=== Begin Enclosure ===

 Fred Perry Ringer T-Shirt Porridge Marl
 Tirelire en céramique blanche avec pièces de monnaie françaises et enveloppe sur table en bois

=== End Enclosure ===
=== Begin Enclosure ===

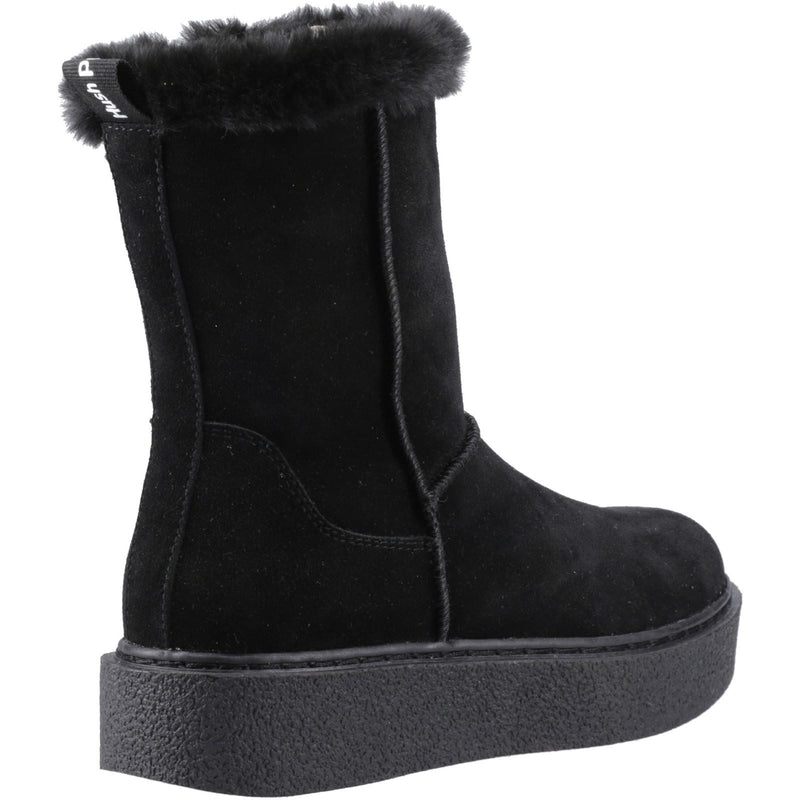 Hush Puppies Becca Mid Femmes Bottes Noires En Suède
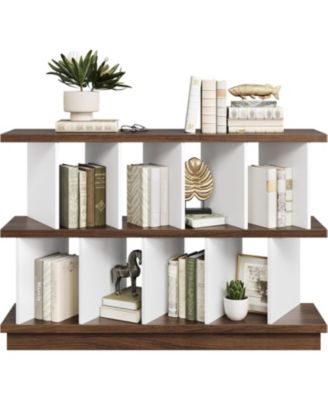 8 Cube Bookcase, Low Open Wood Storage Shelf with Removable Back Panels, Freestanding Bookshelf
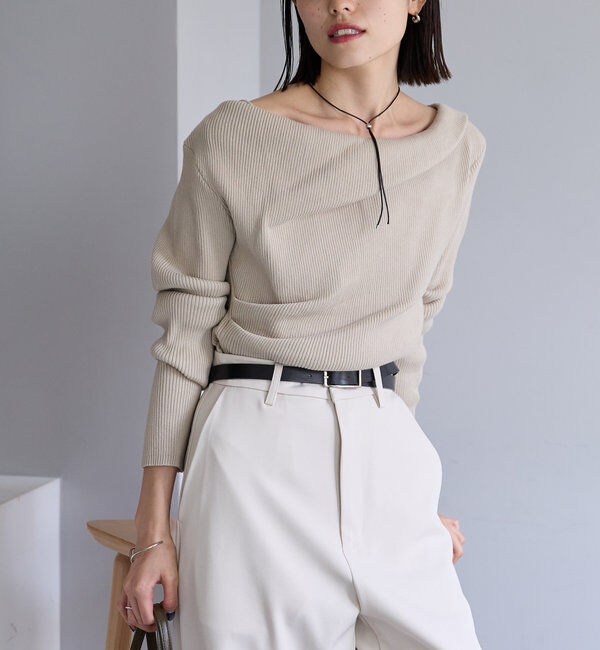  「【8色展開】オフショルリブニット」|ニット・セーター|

=== End Enclosure ===
=== Begin Enclosure ===

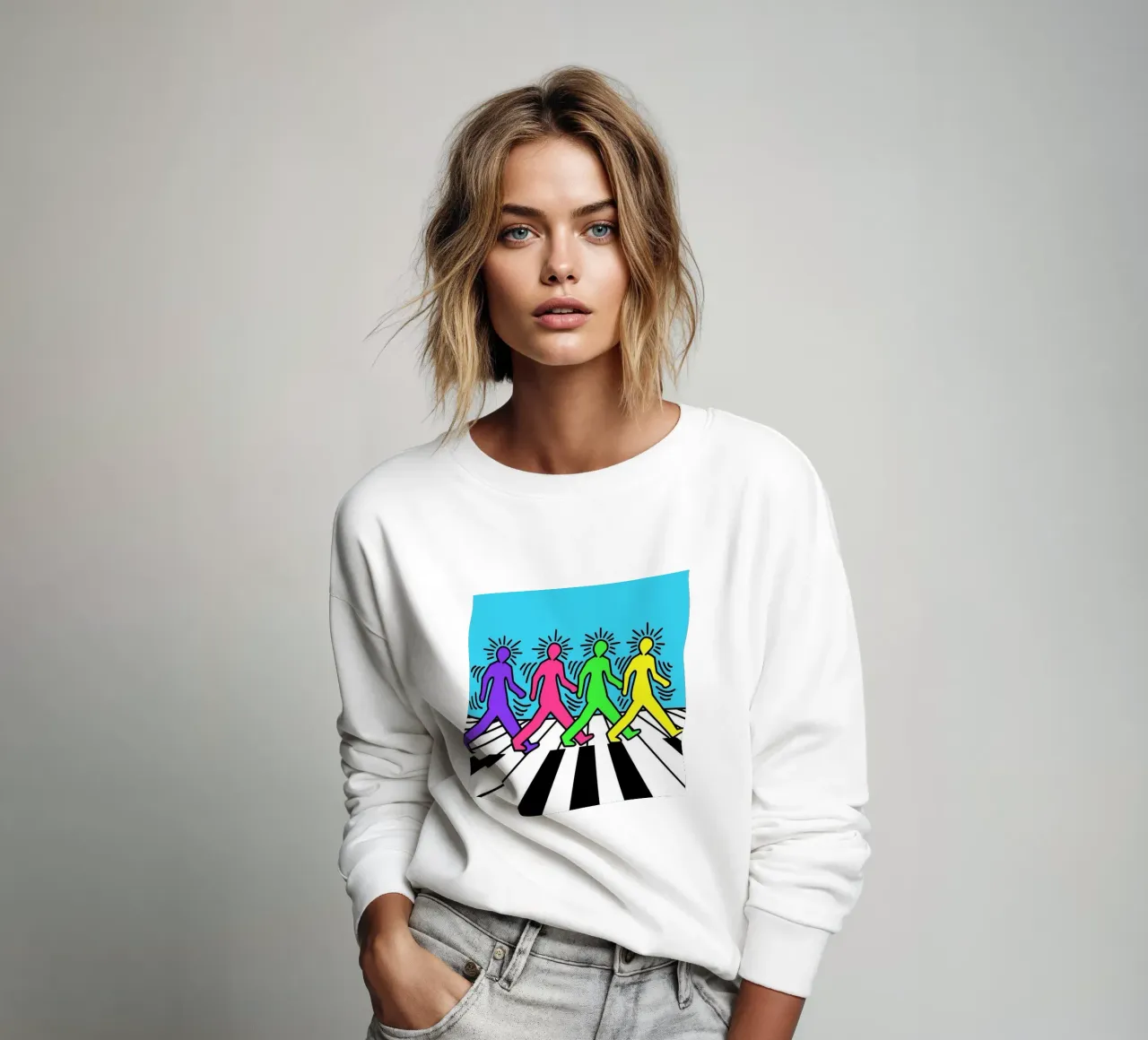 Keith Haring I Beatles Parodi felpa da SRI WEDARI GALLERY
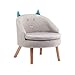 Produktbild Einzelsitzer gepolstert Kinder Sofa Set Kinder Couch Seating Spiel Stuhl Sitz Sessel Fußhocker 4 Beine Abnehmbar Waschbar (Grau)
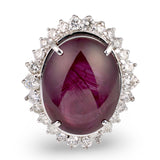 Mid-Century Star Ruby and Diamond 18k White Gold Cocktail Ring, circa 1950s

=== End Enclosure ===

▶ **DIRECTIONS**
For this task, write out exactly the lines of the entries above, starting at the line with "Fred Perry Ringer T-Shirt Porridge Marl" and ending at the line with "Tirelire en céramique", both included, and no others.

▶ **RESPONSE TO THIS TASK**
 Fred Perry Ringer T-Shirt Porridge Marl
 Tirelire en céramique blanche avec pièces de monnaie françaises et enveloppe sur table en bois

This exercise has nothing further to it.